# EXERCISE GOAL:
In the records below, reproduce exactly the lines from the one containing "La protesta en" through the one containing "Honda Dominator 650", both included, and omit the pictures.

*** DATA EXTRACT Section Begins ***

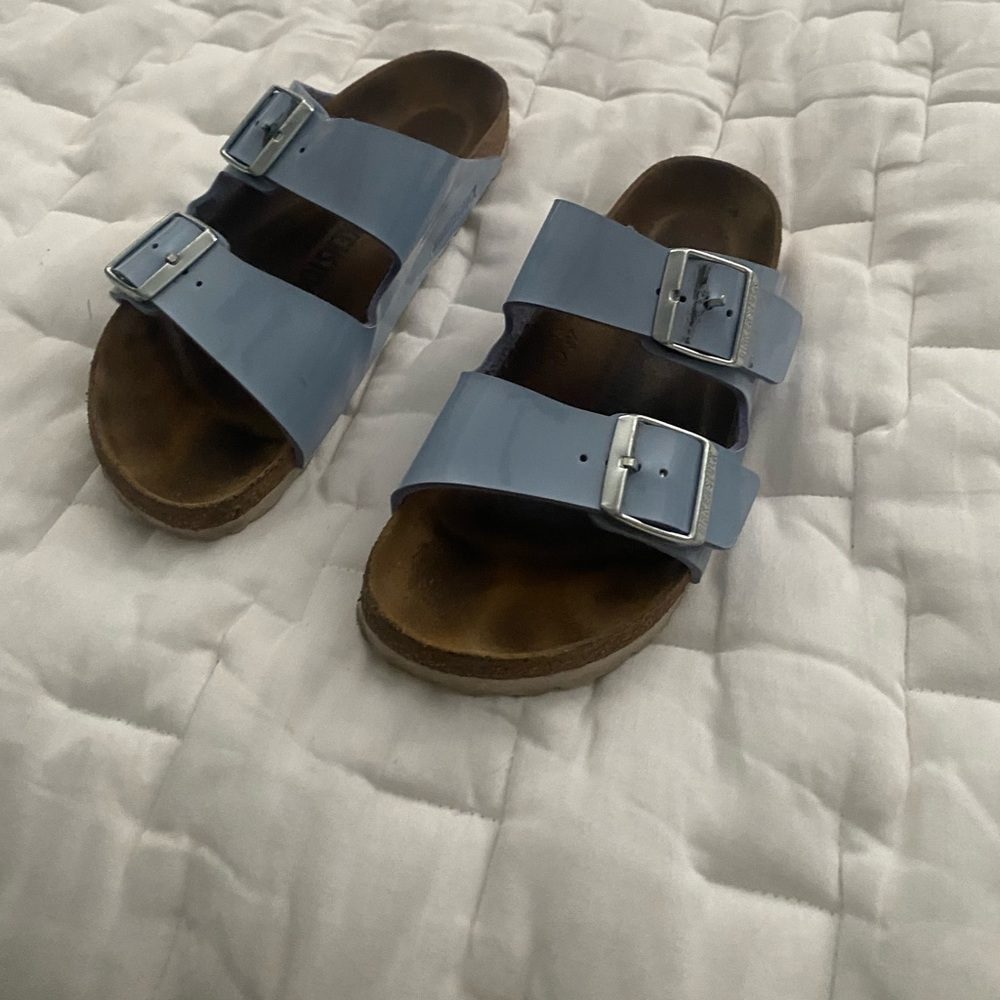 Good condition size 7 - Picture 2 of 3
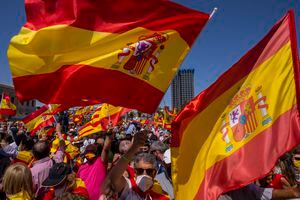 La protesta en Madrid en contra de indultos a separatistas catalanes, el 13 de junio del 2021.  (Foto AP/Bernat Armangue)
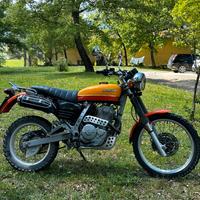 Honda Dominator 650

*** DATA EXTRACT Section Ends ***
*** DATA EXTRACT Section Begins ***

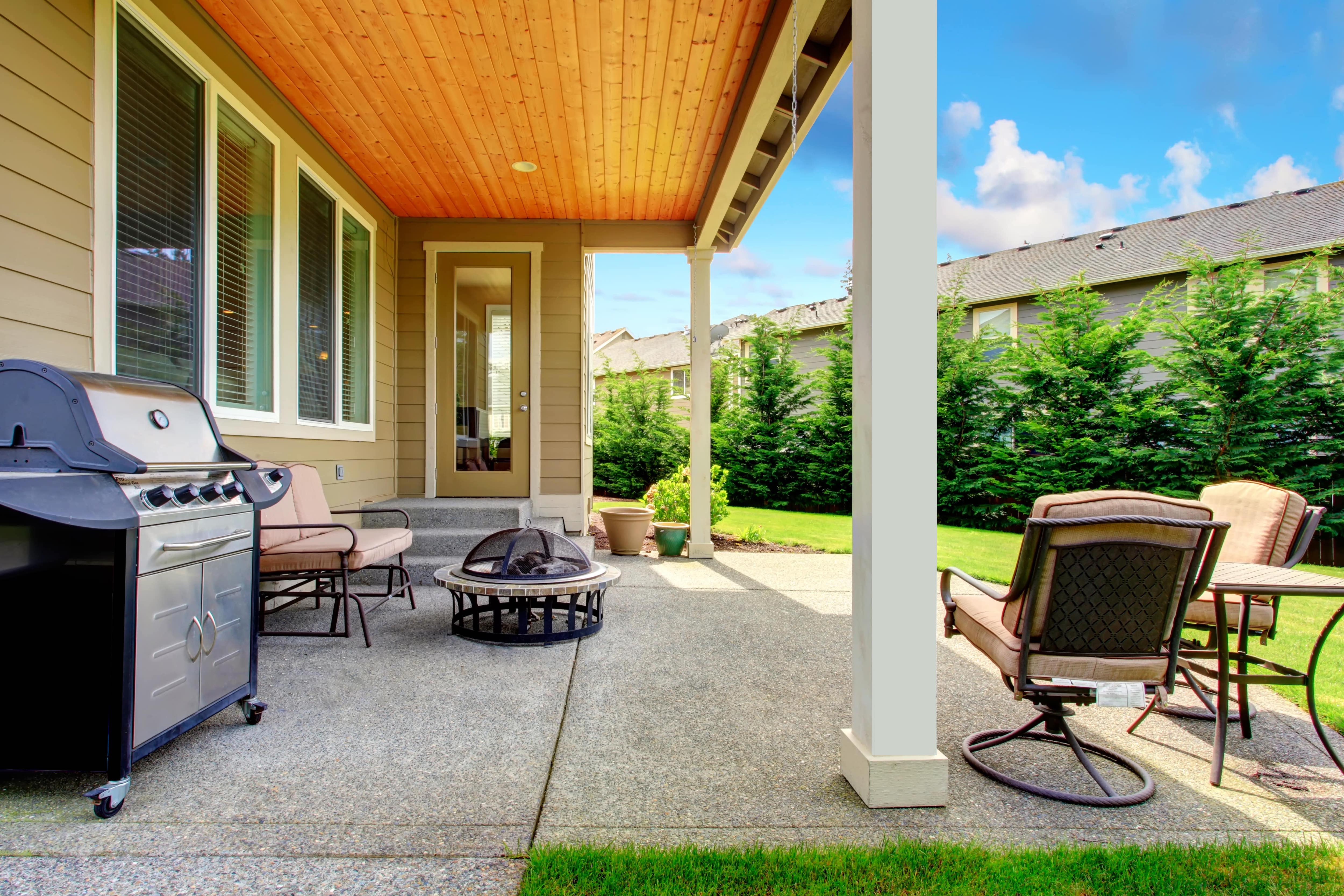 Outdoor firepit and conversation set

*** DATA EXTRACT Section Ends ***
*** DATA EXTRACT Section Begins ***

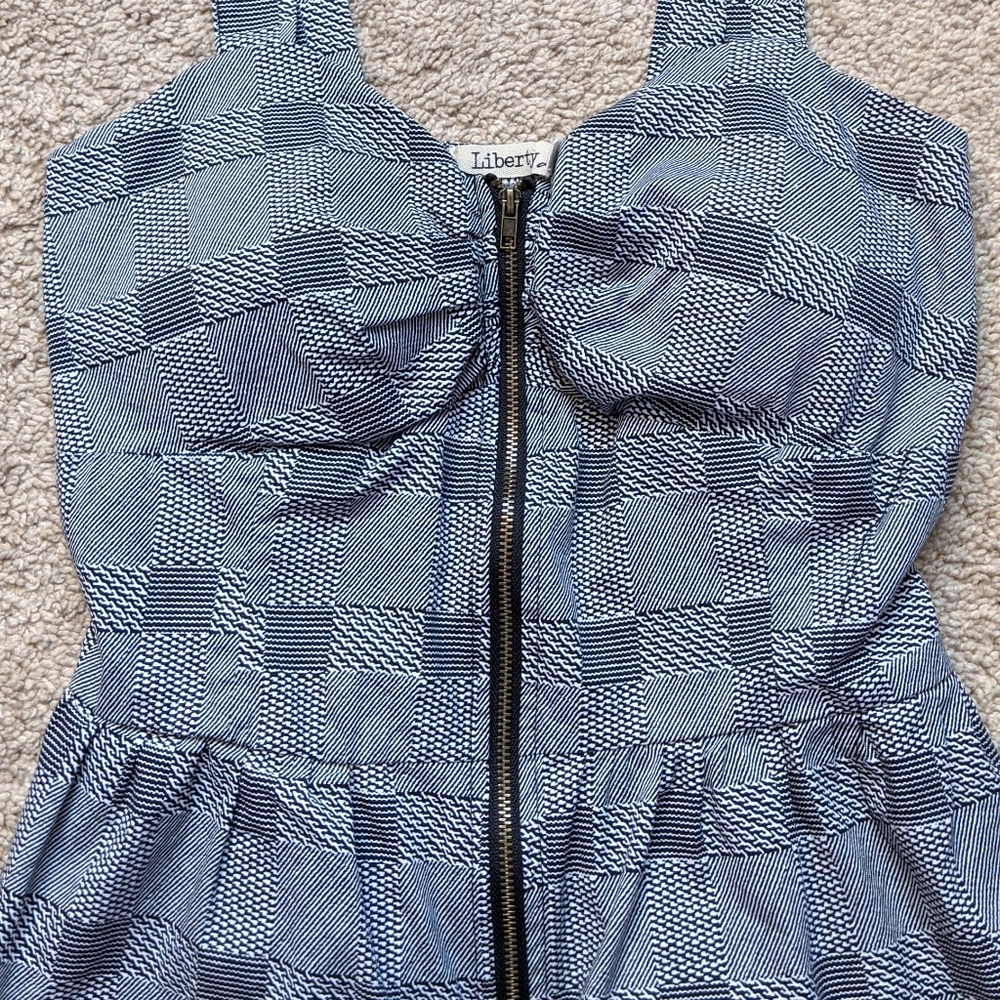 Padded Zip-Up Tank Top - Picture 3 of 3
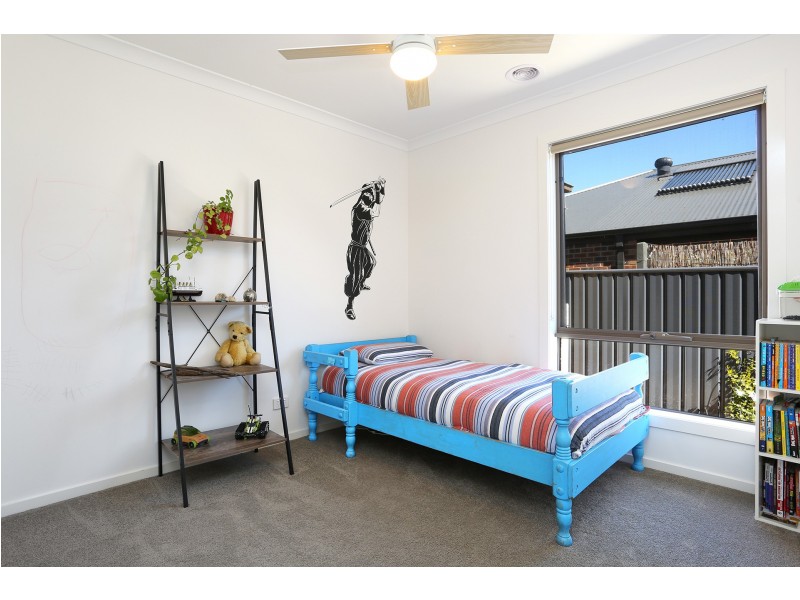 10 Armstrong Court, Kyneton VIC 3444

*** DATA EXTRACT Section Ends ***

# RESULT FOR THIS EXERCISE:
 La protesta en Madrid en contra de indultos a separatistas catalanes, el 13 de junio del 2021.  (Foto AP/Bernat Armangue)
 Honda Dominator 650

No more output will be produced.